NBA's Collins brave in eyes of Mets

MIAMI -- Nineteen-year big league veteran LaTroy Hawkins read Jason Collins' coming-out story Monday in Sports Illustrated, in which the NBA player became the first openly gay active male athlete in a major American professional sport. Hawkins found the piece so powerful that he read it a second time out loud to himself.
"Everybody knows somebody who's gay," said Hawkins, a Mets reliever. "If you can't deal with it in 2013, you need to go somewhere and hide in a cave."
That was largely the sentiment throughout the visitors' clubhouse in Miami, where Mets players were supportive of Collins' leap.
"If you can play the game, I don't care the color of your skin, sexual orientation, religion," third baseman David Wright said. "If you can play the game, come on in. Welcome. All that matters to me is you go out there and you can compete."

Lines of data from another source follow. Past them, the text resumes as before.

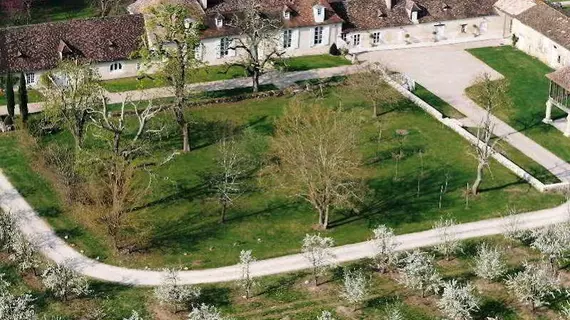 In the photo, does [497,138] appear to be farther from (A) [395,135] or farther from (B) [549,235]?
(B) [549,235]

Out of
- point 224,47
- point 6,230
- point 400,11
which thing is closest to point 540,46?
point 400,11

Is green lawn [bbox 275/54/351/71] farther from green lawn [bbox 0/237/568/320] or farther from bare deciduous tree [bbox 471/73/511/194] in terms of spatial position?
green lawn [bbox 0/237/568/320]

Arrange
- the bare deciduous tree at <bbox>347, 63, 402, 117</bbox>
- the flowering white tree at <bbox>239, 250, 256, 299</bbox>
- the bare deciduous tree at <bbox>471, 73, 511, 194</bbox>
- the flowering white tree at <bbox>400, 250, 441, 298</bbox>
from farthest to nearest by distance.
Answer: the bare deciduous tree at <bbox>347, 63, 402, 117</bbox> → the bare deciduous tree at <bbox>471, 73, 511, 194</bbox> → the flowering white tree at <bbox>239, 250, 256, 299</bbox> → the flowering white tree at <bbox>400, 250, 441, 298</bbox>

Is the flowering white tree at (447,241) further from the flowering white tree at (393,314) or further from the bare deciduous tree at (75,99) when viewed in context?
the bare deciduous tree at (75,99)

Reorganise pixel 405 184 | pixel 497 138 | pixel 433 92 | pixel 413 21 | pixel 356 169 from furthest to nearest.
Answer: pixel 413 21, pixel 433 92, pixel 497 138, pixel 405 184, pixel 356 169

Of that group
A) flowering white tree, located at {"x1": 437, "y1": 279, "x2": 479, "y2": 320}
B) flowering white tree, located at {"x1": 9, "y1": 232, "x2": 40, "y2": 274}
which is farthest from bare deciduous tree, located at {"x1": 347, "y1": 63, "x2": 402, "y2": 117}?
flowering white tree, located at {"x1": 9, "y1": 232, "x2": 40, "y2": 274}

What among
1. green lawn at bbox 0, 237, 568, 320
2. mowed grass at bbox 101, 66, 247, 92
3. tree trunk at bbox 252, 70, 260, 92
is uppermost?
tree trunk at bbox 252, 70, 260, 92

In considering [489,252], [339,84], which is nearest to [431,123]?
[339,84]

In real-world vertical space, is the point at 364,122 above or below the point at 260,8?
below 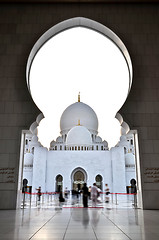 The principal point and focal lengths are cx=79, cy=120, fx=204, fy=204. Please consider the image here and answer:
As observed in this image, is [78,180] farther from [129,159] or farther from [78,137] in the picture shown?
[129,159]

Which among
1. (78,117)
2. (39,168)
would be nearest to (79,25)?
(39,168)

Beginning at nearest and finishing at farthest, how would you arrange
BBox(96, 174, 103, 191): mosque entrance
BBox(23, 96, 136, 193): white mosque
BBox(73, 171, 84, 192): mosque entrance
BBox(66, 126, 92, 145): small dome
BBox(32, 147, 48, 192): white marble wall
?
BBox(32, 147, 48, 192): white marble wall
BBox(23, 96, 136, 193): white mosque
BBox(96, 174, 103, 191): mosque entrance
BBox(73, 171, 84, 192): mosque entrance
BBox(66, 126, 92, 145): small dome

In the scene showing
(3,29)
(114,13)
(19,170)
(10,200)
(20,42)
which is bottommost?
(10,200)

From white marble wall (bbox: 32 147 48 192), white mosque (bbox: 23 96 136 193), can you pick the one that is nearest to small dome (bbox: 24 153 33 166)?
white mosque (bbox: 23 96 136 193)

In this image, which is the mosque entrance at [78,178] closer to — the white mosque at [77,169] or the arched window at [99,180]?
the white mosque at [77,169]

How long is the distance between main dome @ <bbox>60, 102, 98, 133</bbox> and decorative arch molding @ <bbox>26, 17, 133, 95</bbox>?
60.5ft

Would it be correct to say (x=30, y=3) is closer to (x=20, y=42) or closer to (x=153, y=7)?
(x=20, y=42)

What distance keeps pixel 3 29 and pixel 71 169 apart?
14.0 meters

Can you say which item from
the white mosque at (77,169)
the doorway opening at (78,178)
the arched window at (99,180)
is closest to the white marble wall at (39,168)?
the white mosque at (77,169)

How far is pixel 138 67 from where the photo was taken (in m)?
6.23

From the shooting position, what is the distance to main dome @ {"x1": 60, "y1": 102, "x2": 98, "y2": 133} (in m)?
25.2

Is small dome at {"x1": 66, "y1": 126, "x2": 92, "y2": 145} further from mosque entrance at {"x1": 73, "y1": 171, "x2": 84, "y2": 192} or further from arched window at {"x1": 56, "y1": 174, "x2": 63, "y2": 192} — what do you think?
arched window at {"x1": 56, "y1": 174, "x2": 63, "y2": 192}

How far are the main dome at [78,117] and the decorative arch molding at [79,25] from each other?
60.5 feet

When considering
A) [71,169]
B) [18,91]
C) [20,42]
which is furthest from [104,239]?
[71,169] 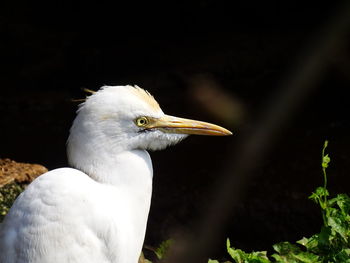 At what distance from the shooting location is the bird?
2633mm

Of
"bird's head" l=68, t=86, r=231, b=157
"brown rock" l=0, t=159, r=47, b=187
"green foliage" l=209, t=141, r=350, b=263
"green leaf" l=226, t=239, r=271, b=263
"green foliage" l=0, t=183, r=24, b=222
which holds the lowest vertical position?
"green foliage" l=0, t=183, r=24, b=222

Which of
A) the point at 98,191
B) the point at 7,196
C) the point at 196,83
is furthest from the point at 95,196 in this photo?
the point at 196,83

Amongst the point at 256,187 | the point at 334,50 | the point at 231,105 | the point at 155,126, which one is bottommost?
the point at 256,187

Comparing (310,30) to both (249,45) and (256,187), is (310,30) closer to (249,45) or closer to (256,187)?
(249,45)

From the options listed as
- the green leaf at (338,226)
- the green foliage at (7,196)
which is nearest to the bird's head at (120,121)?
the green leaf at (338,226)

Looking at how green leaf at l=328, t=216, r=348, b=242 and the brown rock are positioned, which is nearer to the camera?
green leaf at l=328, t=216, r=348, b=242

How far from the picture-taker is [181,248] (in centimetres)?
435

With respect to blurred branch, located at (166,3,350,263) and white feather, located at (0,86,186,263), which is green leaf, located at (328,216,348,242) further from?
blurred branch, located at (166,3,350,263)

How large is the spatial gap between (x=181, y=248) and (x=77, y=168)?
1.69m

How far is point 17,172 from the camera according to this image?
3734mm

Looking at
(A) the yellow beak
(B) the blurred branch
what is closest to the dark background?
(B) the blurred branch

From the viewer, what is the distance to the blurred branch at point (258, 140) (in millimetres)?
4367

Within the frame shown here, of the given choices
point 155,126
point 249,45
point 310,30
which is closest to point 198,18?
point 249,45

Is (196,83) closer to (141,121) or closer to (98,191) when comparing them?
(141,121) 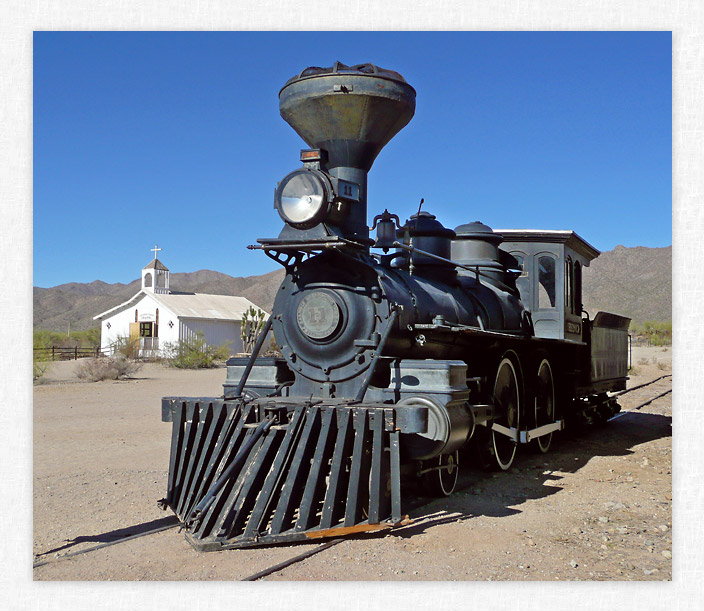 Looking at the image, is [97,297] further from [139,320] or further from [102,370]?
[102,370]

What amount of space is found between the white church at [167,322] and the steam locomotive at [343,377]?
28.4 meters

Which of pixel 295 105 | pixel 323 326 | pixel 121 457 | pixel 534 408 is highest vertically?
pixel 295 105

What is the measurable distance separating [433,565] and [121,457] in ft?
19.2

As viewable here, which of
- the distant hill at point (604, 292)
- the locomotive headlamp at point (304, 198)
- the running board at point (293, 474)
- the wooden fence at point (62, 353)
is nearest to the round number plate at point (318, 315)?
the locomotive headlamp at point (304, 198)

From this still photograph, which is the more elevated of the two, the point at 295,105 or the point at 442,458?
the point at 295,105

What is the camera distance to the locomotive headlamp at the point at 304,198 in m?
6.18

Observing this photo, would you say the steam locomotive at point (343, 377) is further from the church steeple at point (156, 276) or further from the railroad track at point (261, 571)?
the church steeple at point (156, 276)

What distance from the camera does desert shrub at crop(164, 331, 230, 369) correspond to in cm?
3066

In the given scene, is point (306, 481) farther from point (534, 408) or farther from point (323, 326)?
point (534, 408)

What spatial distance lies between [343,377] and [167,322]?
101 ft

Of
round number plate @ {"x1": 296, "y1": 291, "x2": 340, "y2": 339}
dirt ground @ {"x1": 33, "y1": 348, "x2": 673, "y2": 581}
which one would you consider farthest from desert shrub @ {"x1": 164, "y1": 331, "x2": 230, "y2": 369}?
round number plate @ {"x1": 296, "y1": 291, "x2": 340, "y2": 339}

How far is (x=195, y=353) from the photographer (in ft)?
101

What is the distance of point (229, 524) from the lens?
5.34 m

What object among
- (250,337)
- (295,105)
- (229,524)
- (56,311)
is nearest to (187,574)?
(229,524) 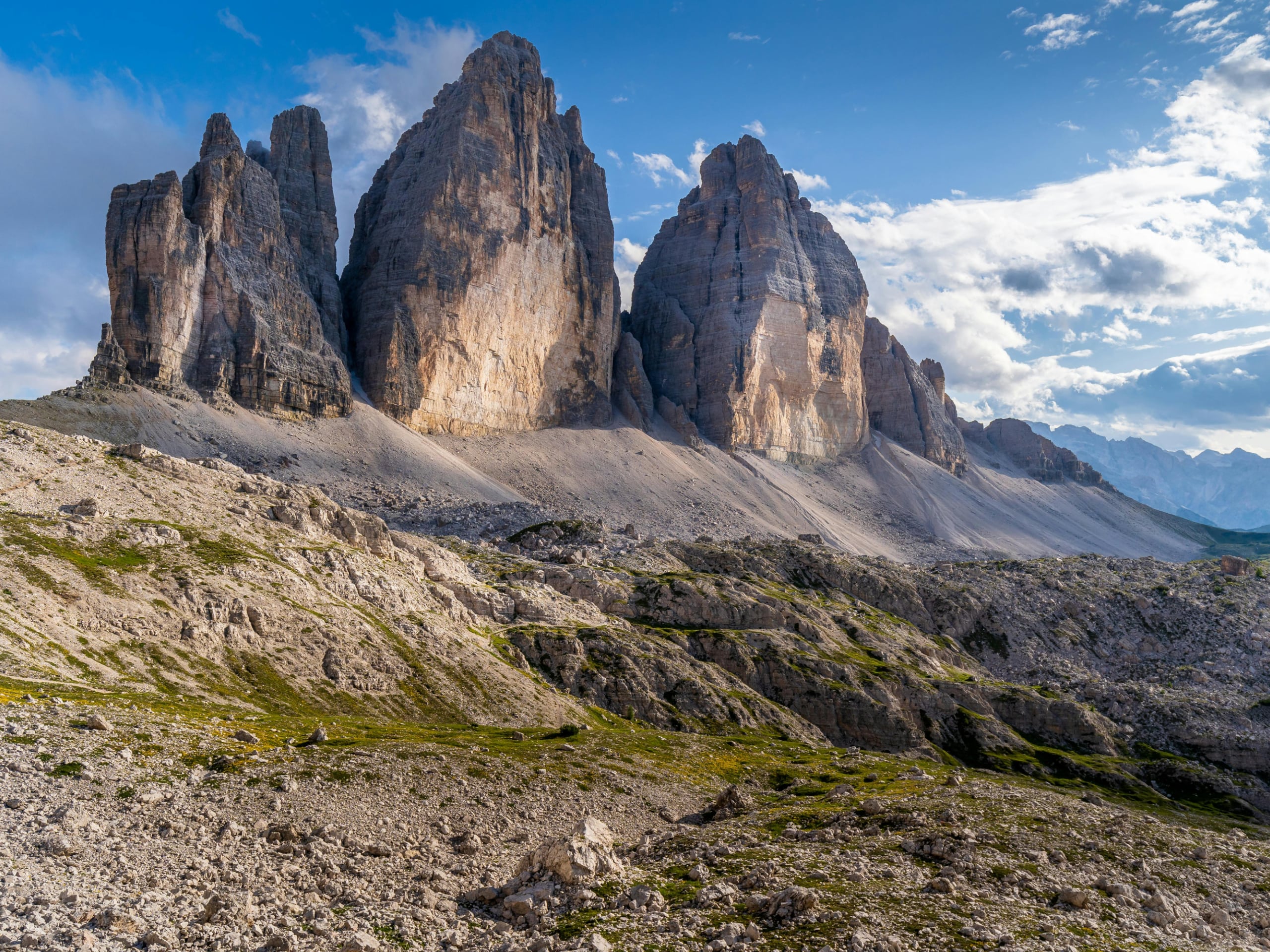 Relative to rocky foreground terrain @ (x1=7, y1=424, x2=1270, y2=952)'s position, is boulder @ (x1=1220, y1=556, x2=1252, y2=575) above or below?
above

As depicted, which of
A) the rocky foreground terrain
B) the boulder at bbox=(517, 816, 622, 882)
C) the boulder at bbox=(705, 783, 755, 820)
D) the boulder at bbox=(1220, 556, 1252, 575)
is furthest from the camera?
the boulder at bbox=(1220, 556, 1252, 575)

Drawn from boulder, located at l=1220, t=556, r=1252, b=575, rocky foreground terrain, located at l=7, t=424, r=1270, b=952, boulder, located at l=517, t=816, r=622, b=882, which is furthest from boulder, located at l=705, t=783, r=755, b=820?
boulder, located at l=1220, t=556, r=1252, b=575

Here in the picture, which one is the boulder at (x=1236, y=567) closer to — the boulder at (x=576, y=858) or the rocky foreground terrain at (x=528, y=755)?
the rocky foreground terrain at (x=528, y=755)

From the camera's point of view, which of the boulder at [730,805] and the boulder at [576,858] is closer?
the boulder at [576,858]

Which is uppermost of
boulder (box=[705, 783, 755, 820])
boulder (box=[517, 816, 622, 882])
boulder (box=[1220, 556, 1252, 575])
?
boulder (box=[1220, 556, 1252, 575])

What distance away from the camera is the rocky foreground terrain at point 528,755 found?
95.2 feet

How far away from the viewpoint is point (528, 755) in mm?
54062

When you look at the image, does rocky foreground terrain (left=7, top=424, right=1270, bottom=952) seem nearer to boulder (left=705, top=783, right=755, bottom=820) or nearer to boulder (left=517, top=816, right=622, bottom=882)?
boulder (left=517, top=816, right=622, bottom=882)

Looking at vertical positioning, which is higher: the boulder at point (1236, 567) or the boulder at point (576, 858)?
the boulder at point (1236, 567)

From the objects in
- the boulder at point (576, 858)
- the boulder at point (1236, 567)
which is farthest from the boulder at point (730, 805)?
the boulder at point (1236, 567)

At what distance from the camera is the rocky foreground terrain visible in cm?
2902

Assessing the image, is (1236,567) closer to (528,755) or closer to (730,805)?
(730,805)

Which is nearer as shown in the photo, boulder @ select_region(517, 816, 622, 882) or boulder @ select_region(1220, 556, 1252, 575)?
boulder @ select_region(517, 816, 622, 882)

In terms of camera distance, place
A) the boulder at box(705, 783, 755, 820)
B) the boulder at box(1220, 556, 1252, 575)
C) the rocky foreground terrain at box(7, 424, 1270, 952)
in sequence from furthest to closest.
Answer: the boulder at box(1220, 556, 1252, 575)
the boulder at box(705, 783, 755, 820)
the rocky foreground terrain at box(7, 424, 1270, 952) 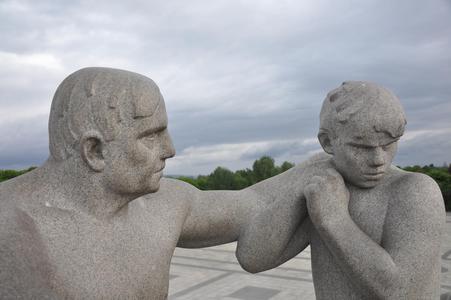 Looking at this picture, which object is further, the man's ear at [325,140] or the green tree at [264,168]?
the green tree at [264,168]

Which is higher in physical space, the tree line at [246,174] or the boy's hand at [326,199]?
the boy's hand at [326,199]

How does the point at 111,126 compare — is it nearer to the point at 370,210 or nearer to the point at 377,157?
the point at 377,157

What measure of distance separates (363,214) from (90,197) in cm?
136

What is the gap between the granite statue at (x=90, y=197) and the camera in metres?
1.94

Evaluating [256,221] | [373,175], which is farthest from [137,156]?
[373,175]

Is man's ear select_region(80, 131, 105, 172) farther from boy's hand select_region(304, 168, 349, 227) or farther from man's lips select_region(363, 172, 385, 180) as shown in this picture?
man's lips select_region(363, 172, 385, 180)

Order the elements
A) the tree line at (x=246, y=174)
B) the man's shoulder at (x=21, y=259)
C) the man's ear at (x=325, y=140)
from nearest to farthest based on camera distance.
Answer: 1. the man's shoulder at (x=21, y=259)
2. the man's ear at (x=325, y=140)
3. the tree line at (x=246, y=174)

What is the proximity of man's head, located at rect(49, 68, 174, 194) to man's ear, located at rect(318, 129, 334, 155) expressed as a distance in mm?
858

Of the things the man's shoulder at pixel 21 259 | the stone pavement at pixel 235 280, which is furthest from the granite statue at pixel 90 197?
the stone pavement at pixel 235 280

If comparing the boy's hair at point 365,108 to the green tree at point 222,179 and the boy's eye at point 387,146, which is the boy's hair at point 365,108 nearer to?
the boy's eye at point 387,146

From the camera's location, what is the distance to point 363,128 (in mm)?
2115

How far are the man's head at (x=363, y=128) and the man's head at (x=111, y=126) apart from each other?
0.88 meters

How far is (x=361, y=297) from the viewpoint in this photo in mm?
2256

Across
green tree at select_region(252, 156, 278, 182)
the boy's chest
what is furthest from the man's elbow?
green tree at select_region(252, 156, 278, 182) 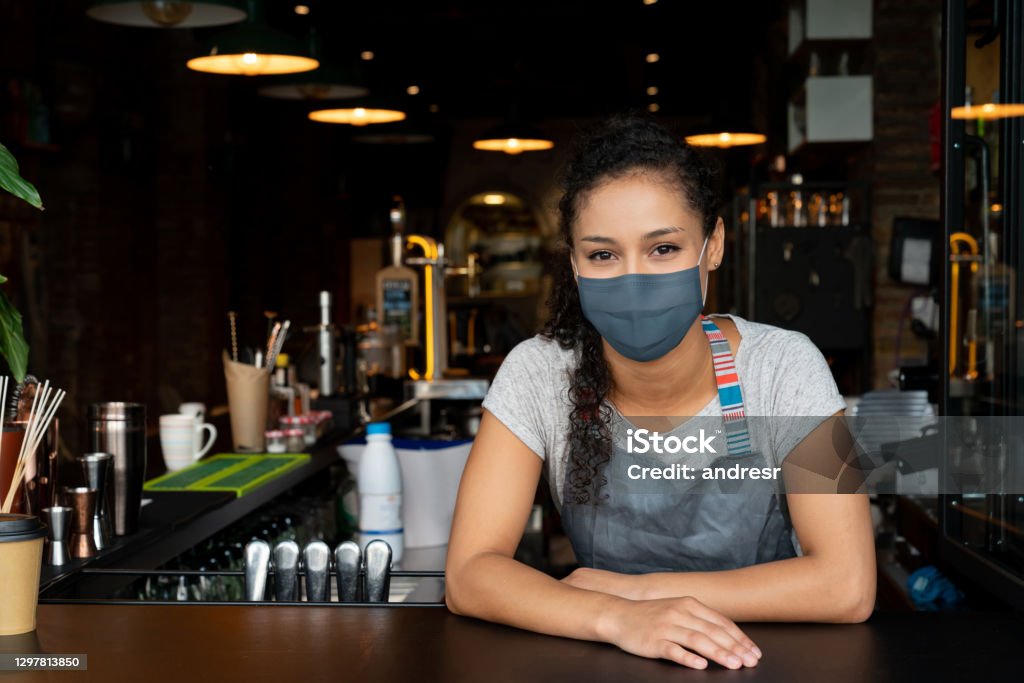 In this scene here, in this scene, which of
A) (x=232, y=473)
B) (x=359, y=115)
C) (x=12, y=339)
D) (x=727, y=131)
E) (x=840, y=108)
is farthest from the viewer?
(x=727, y=131)

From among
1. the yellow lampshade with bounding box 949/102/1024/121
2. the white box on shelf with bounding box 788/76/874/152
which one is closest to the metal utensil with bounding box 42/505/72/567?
the yellow lampshade with bounding box 949/102/1024/121

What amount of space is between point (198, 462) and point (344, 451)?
60 centimetres

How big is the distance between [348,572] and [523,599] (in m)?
0.34

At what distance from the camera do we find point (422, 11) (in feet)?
26.1

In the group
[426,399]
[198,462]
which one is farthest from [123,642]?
[426,399]

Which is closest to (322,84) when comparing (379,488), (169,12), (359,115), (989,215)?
(359,115)

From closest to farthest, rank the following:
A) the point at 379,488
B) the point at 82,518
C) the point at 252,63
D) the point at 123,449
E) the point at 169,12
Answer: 1. the point at 82,518
2. the point at 123,449
3. the point at 379,488
4. the point at 169,12
5. the point at 252,63

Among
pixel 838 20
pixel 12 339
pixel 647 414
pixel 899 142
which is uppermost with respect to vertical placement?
pixel 838 20

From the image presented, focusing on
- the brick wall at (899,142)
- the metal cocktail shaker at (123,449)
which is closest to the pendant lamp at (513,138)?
the brick wall at (899,142)

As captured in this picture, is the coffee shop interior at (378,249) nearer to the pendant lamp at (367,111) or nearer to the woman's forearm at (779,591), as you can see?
the pendant lamp at (367,111)

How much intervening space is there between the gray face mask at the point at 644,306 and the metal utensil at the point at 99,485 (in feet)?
2.82

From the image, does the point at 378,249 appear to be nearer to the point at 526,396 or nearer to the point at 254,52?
the point at 254,52

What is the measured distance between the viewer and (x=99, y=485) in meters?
1.98

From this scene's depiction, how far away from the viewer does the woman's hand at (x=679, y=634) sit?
4.24ft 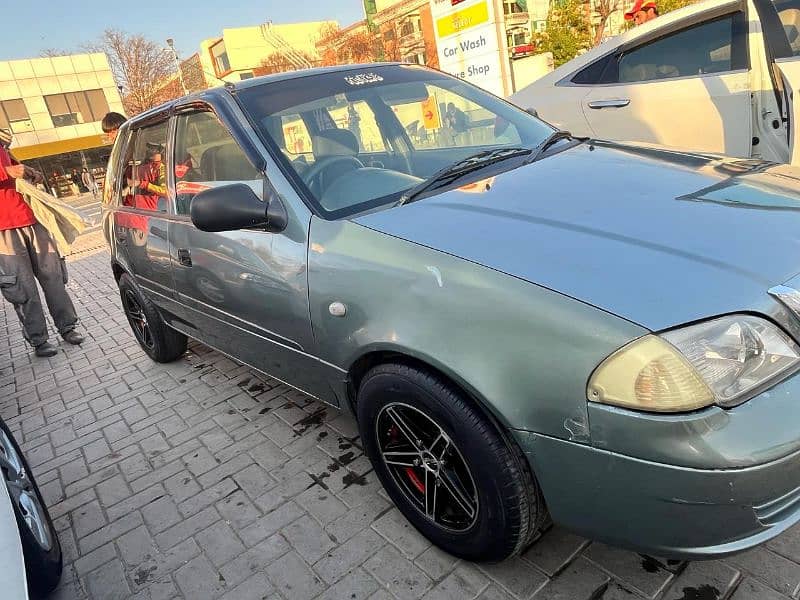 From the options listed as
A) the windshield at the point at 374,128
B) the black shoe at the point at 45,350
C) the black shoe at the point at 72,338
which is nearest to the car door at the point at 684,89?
the windshield at the point at 374,128

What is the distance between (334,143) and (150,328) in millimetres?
2426

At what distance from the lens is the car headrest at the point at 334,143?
8.26 feet

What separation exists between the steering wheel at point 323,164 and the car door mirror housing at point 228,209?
224mm

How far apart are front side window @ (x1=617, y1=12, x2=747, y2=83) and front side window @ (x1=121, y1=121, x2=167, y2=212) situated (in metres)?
3.58

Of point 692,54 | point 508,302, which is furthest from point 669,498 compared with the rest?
point 692,54

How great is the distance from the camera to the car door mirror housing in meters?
2.17

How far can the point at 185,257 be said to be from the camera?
2971 mm

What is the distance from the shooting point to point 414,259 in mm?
1796

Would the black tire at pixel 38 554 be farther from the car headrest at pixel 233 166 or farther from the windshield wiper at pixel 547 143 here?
the windshield wiper at pixel 547 143

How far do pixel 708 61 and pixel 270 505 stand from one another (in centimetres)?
424

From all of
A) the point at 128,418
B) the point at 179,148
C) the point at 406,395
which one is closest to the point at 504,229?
the point at 406,395

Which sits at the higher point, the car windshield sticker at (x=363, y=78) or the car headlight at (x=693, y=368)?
the car windshield sticker at (x=363, y=78)

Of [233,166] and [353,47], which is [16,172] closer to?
[233,166]

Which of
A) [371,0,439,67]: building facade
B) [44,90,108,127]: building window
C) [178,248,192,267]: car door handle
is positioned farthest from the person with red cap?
[44,90,108,127]: building window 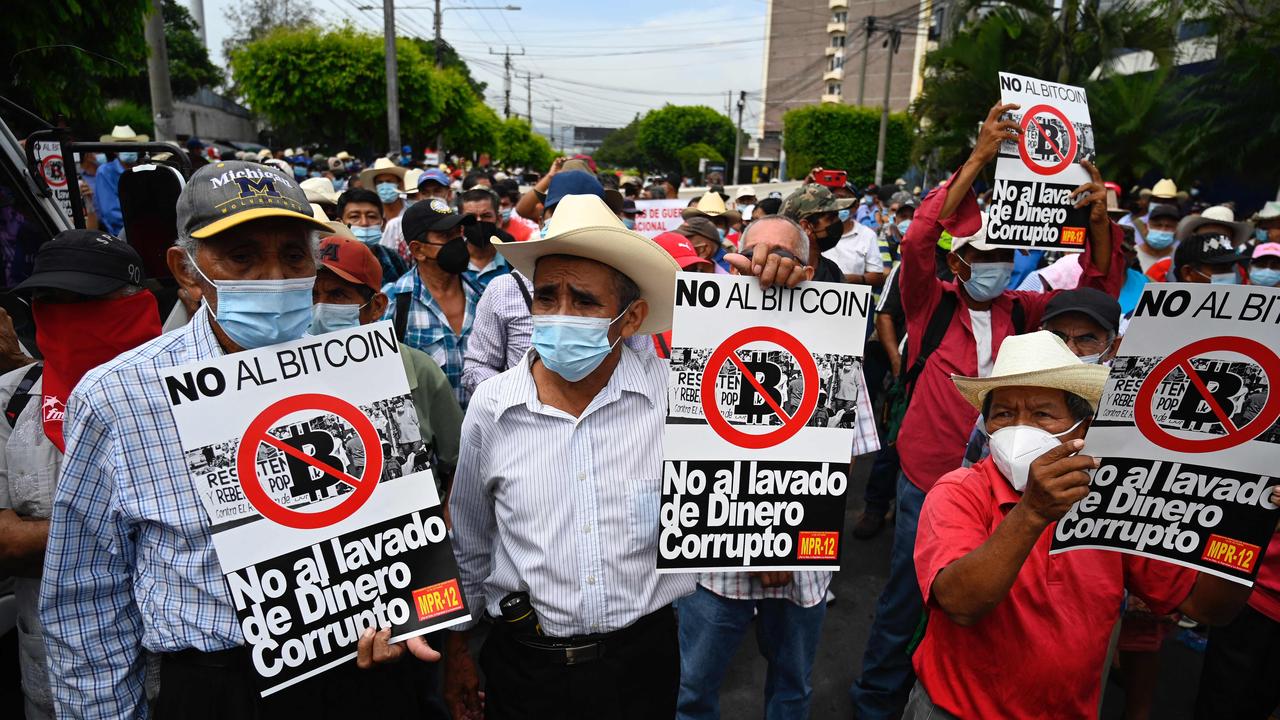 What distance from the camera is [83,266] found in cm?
236

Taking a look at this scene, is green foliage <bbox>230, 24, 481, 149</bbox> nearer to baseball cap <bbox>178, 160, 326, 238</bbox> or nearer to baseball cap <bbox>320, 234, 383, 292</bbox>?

Baseball has yet to see an openly gay player at the Major League level, but Mets players said they would not be surprised to see one soon, particularly in the wake of Collins' story. When that day does come, those players predicted a similar wave of support.
"Obviously you applaud just how brave he must be to come out and make that announcement," Wright said. "I've never known anybody I've played with to judge anybody by the sexual orientation or the color of their skin or religion or anything right that. I'm sure he'll be accepted."